China's buying spree is also driving up costs for leading wheat importing nations in Asia and the Middle East. The push for the imports comes as Reuters interviews with farmers and new analyst forecasts showed damage from frost and rains was estimated to have ruined as much as 20 million tonnes of China's wheat crop, equivalent to Australia's annual exports.
China has already booked more than 3 million tonnes of wheat shipments in the year to June 2014 - matching total imports for all of last year - and is estimated to need 10 million tonnes of imports for the year, which would be more than the 9 million that Egypt, the world's top buyer, is expected to purchase.
"Farmers are very cautious to sell forward," said Tom Puddy, head of marketing at CBH Group, Western Australia's bulk grain handler. "They are seeing China's interest in buying, so they are waiting to see how the crop progresses." Benchmark Chicago wheat futures have risen 1 percent this month after the US Department of Agriculture (USDA) estimated global wheat stocks at the end of the 2013/14 crop year would drop to their lowest since 2009.

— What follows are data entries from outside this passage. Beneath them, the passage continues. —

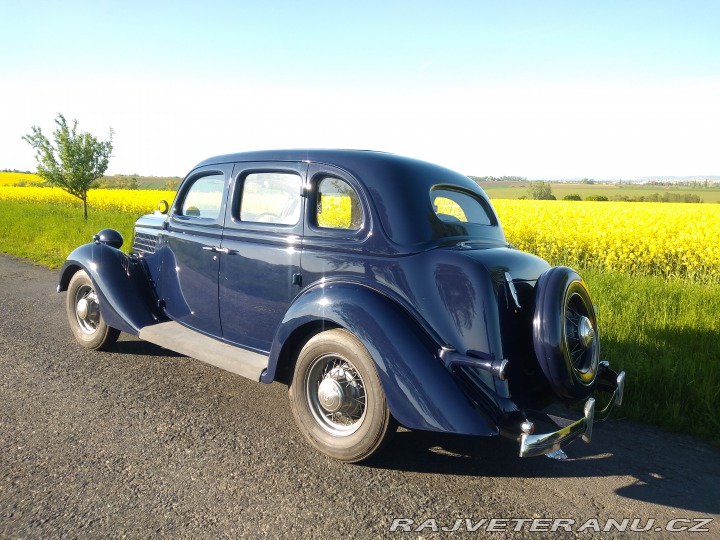 Ford V8 1935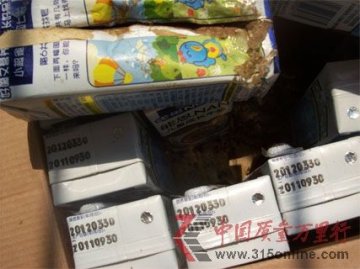 雀巢牛奶被曝内包装破损现黑色虫子尸体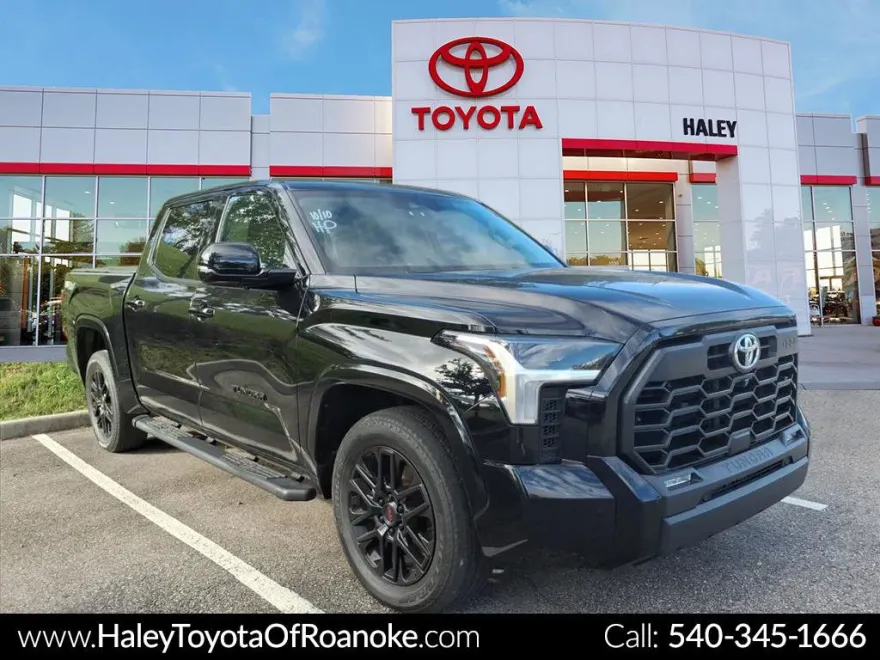 2023 Toyota Tundra SR5 CrewMax photo 1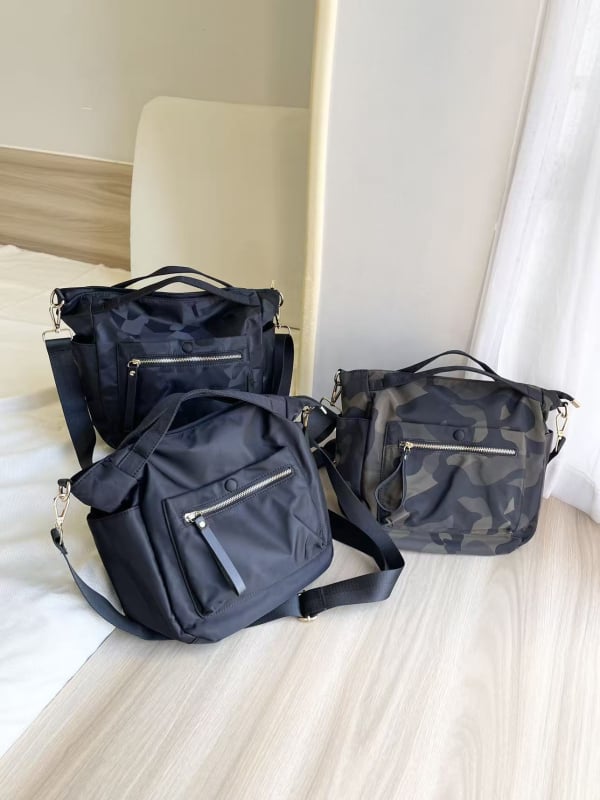 Geantă Tote din nylon, formă dumpling, căptușeală poliester, închidere cu fermoar, buzunare interne: buzunar cu fermoar, buzunar pentru telefon, buzunar pentru ID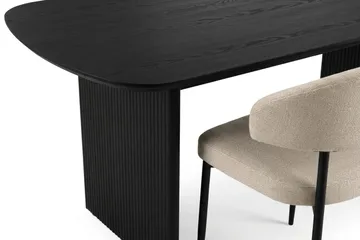 Alma spisegruppe rektangulær 180 cm Sort med 6 Sawako-spisestole - Sortbejdset eg - Møbler - Borde - Spisebordssæt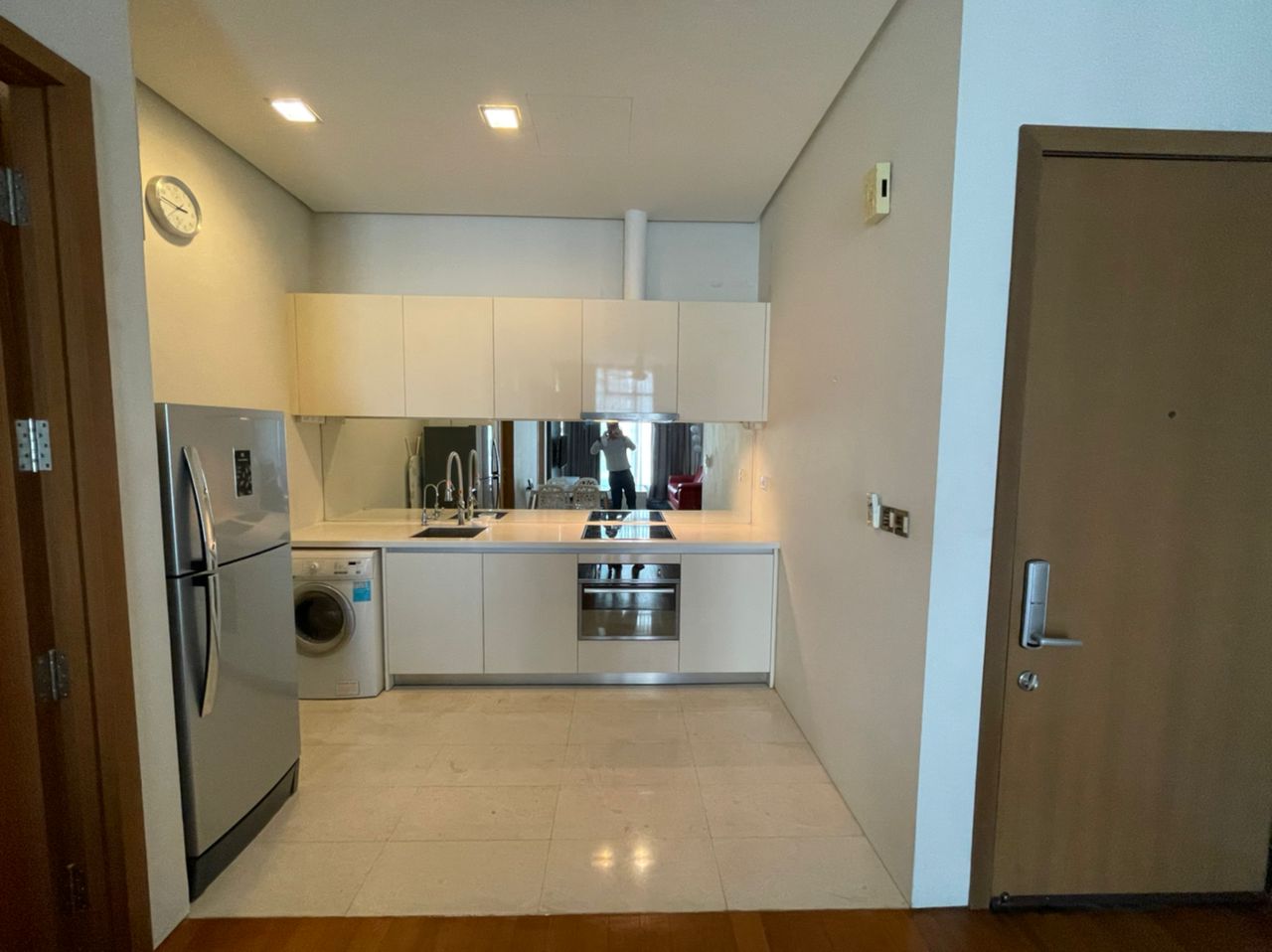 Vipod KLCC Fully Furnished For Rent - photo 9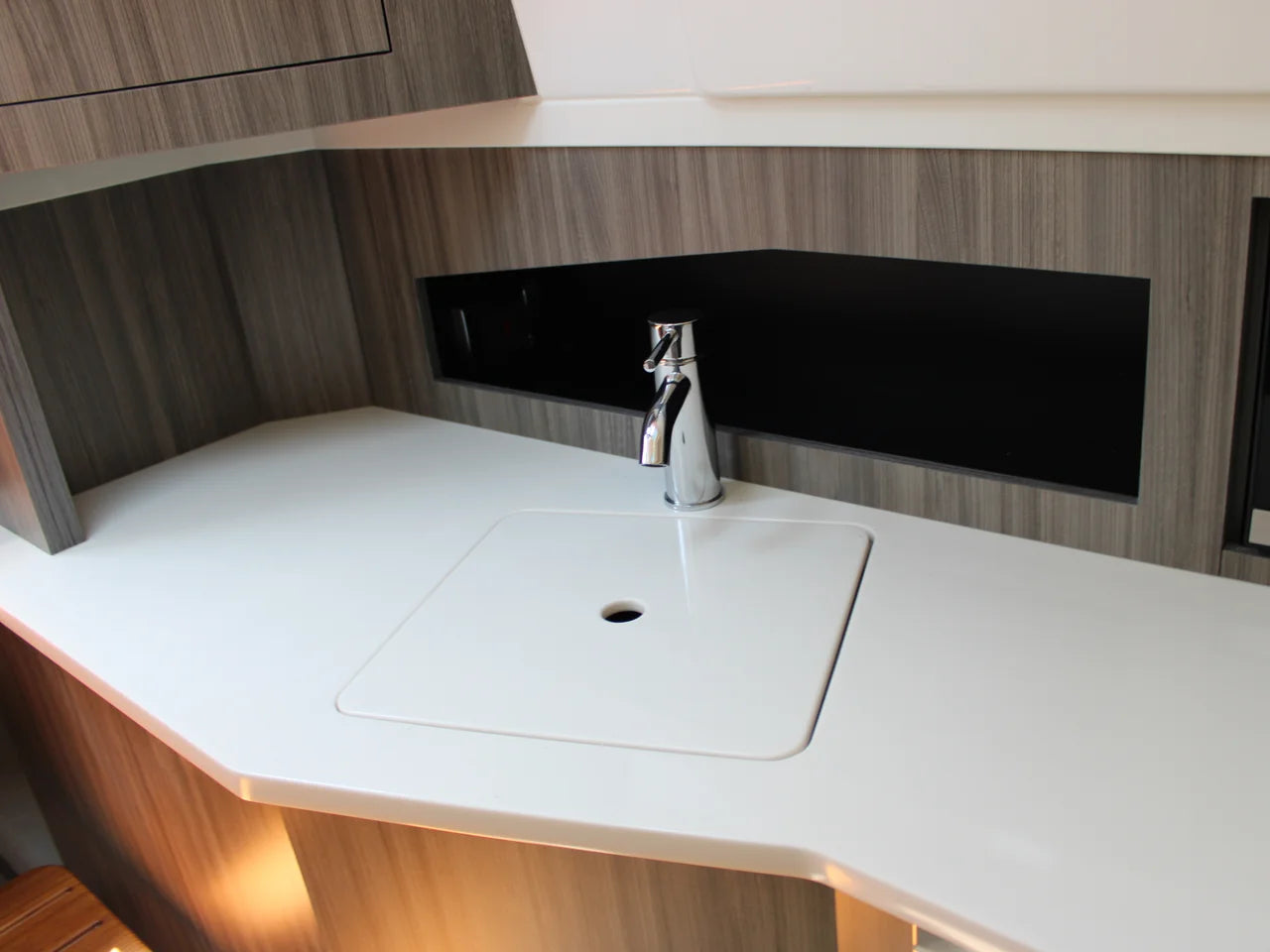 2026 Sea Ray Sundancer 370 Outboard 37.0 feet, Clearwater, Florida #33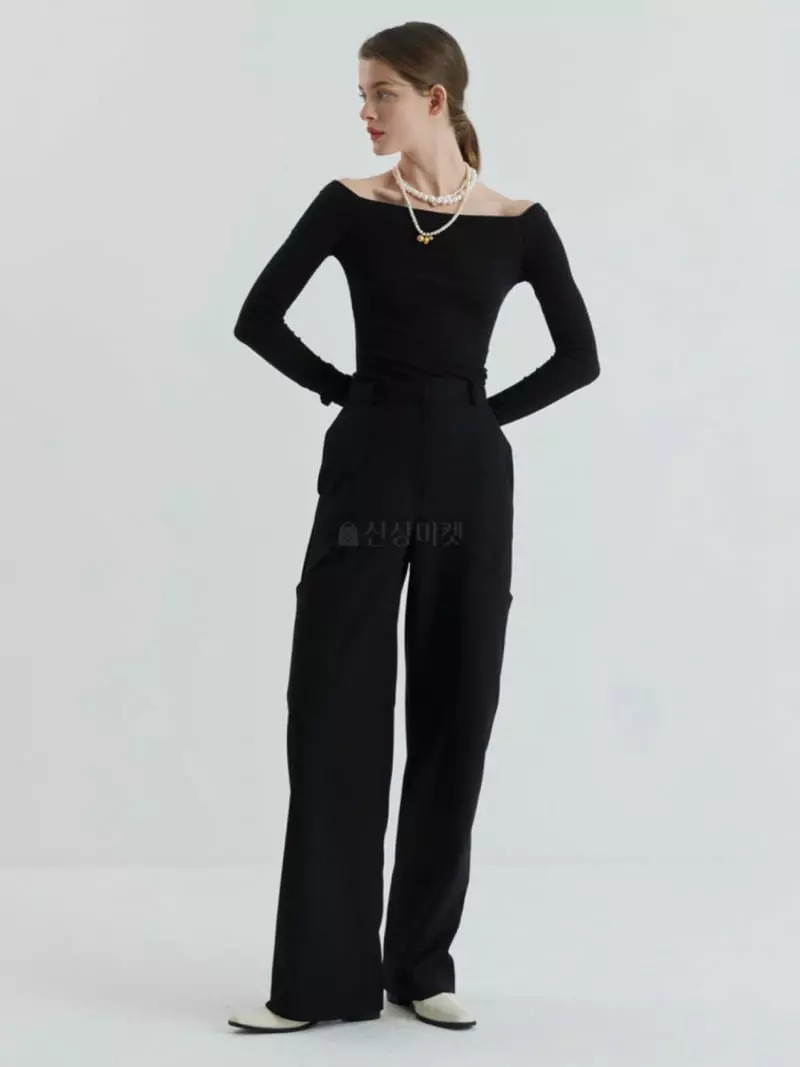 Dailyjud - Korean Women Fashion - #momslook - Off Shoulder Tee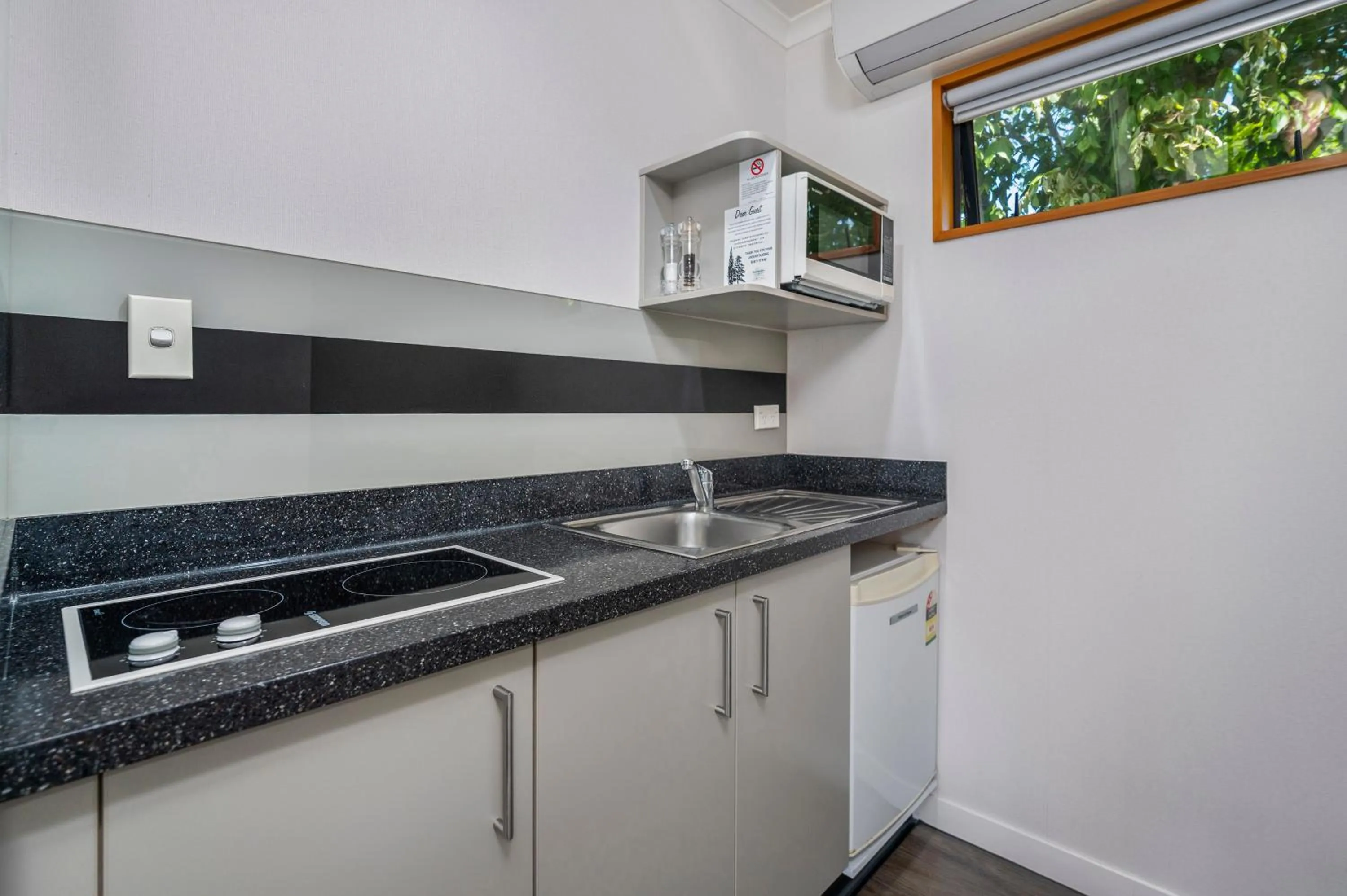 Kitchen or kitchenette in Bethlehem Motor Inn and Conference Centre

The United Nations' food agency, though, played down the risks to global supplies for now but said Chinese buying could underpin wheat prices. "It could give some support to wheat prices which have been falling like all the other grains," said Abdolreza Abbassian, senior economist at the Food and Agriculture Organisation in Rome. "(China) had the frosts and that had some impact, so there is a greater need for quality wheat."